One thing that is important to know about the “no-ers”, naysayers and critics is that often they have grown up in harsh and critical environments themselves. They may have been raised around a critical parent where they felt they could never do anything right or well enough to please their critic. They often discovered that by saying no, they would not have to risk the criticism they knew they would be met with. These negative critical patterns can persist from generation to generation and lead to perfectionism, anxiety or depression.

Attempting to meet your naysayer with compassion is important and not easy. However, there are ways you can learn to speak that can make the ongoing dynamics with them much more tolerable and even productive.

Learning to set boundaries with your naysayer is also essential.

If your no-er, naysayer or critic is someone you live or work with you might try the following:

1. Listen to what they are saying, but do not let them drone on. Let them know you hear their concern about implementing your idea. Ask them to tell you specifics so you can move past “I don’t think that will work” into what their actual concerns are about. See if you can help them move into a deeper space that sounds like “I’m concerned about if you do ____, then ____ will happen.” Only when you get to specific concerns and fears can you begin to have meaningful conversation.

2. Let them know you hear their concerns and feedback and you will take time to take it into consideration. If your idea is more about a need, then you might take some time to ponder their feedback and schedule a time to come back and continue the conversation. Practice listening and asking more questions.
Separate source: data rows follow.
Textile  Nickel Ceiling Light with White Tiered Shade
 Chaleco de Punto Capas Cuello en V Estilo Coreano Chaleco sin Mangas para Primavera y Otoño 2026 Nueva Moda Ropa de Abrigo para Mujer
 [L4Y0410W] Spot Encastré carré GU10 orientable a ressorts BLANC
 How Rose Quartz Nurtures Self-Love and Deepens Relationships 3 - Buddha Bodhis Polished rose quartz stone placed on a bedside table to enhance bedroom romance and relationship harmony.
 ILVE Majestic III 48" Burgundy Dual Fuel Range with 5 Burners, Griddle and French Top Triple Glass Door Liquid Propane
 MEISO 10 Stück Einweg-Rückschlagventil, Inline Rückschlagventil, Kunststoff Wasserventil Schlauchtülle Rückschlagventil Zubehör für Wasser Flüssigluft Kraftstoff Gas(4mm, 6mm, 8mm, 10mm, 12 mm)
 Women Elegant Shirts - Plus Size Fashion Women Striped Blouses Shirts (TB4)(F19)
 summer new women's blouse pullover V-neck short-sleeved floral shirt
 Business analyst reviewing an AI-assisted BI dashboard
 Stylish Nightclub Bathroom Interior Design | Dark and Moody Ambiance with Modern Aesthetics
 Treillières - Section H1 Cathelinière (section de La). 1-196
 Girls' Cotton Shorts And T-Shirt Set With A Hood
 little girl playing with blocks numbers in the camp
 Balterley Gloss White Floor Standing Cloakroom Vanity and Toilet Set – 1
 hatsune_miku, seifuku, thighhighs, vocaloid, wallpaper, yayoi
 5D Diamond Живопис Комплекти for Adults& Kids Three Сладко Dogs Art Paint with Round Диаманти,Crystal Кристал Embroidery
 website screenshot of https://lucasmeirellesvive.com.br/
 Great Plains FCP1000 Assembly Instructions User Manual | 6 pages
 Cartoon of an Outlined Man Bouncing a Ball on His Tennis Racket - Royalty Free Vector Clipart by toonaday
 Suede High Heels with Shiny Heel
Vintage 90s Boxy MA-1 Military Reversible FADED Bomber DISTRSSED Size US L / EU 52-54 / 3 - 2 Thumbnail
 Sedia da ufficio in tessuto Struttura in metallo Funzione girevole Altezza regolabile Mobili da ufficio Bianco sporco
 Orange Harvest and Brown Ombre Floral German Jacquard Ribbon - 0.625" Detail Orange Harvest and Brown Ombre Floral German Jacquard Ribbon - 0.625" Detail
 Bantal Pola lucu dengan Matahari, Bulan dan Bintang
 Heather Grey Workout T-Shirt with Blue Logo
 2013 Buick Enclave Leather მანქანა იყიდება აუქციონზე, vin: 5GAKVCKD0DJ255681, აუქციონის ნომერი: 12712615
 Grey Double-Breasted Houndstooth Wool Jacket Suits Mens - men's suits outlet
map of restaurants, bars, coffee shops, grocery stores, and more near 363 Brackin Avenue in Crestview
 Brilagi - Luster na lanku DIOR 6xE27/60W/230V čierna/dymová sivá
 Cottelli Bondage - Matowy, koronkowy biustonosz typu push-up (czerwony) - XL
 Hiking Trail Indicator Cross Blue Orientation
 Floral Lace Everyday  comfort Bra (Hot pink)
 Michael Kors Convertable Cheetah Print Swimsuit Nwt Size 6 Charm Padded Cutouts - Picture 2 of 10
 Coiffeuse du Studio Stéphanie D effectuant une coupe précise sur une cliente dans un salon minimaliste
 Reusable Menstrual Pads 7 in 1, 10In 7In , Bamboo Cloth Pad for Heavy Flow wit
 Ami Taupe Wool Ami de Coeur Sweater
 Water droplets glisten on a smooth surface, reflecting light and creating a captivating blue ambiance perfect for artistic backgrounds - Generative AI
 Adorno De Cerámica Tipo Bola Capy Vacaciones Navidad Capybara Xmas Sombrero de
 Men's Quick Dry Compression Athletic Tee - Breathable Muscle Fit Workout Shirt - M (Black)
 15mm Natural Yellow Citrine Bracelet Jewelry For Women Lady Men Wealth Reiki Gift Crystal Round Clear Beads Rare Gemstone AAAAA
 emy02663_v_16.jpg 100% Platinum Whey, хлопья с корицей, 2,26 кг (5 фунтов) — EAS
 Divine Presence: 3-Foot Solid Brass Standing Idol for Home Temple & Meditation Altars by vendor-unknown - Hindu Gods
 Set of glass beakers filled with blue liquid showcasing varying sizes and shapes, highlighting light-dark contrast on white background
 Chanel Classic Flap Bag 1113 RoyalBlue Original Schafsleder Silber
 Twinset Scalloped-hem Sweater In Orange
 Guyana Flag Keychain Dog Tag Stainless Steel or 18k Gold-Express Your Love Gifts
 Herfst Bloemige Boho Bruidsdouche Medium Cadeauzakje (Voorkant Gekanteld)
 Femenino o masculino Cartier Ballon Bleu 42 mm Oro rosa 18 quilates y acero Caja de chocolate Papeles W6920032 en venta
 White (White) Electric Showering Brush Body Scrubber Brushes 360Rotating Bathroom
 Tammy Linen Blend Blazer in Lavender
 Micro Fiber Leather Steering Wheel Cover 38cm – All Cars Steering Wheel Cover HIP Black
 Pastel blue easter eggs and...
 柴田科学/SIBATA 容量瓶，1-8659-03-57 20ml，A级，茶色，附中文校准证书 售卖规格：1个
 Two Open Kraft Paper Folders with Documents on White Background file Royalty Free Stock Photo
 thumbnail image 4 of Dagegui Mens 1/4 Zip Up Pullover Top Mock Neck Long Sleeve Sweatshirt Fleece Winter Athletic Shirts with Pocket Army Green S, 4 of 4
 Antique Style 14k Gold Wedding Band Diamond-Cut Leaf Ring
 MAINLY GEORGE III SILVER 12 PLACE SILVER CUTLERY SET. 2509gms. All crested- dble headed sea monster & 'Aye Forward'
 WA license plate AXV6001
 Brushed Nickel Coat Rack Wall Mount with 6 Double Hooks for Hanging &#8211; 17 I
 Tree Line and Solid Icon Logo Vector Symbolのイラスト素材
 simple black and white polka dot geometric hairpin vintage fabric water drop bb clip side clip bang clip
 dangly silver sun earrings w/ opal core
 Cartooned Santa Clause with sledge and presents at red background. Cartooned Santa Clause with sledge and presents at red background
3. Practice active and reflective Listening. When you can communicate in this way, people feel heard. Reflect back what you are hearing to provide clarity. When your naysayer hears you feed back what you heard, that may be enough for them to realize how they are sounding or coming off.

4. Set Boundaries where needed. “ I hear that you think that this is a bad idea, and, I believe this is what I need to do.” This may be a way to express your truth with love. Talk about your negotiables and non- negotiables to attempt to come to some understanding about how what you need may affect the other person. With that said, stand firm on your non- negotiables.

5. Share your experience using Language of Ownership. In other words, when your no-er or naysayer immediately starts in, ask them to stop and pause. Share with them what it feels like when they shoot you down with negativity before really listening to your need, thoughts or ideas.

6. Gain clarity if they are thinking no, or just not now. Perhaps you want to start a business and your partner says “no I don’t like that idea.” Find out what that no is about. Are they concerned it will reduce your alone time together? Do they truly think it’s a bad business idea? If so, dig deeper into what that’s about. Is it that the timing seems off? Find out more before you leap to conclusions so that the conversation can stay meaningful and productive and not get stuck in a negative place.

Once you know what someone’s concerns are, that opens the door for productive conversation. I once had a naysayer tell me “ If I just say no, then I don’t have to do anything.” Getting down to the real reasons you are getting No’s or critical comments is important to attempt to get to more real and productive conversations.

Be honest with your naysayer. Let them know what it feels like to live/ work/ visit with them when they are locked in to their critical or negative responses. If they are truly opposed to something that matters to you, find out why?

While it is highly unlikely you will ever change a “No-er”, naysayer or critic into someone who suddenly has an open and curious mindset, you can change how you respond to them for your own health and wellbeing.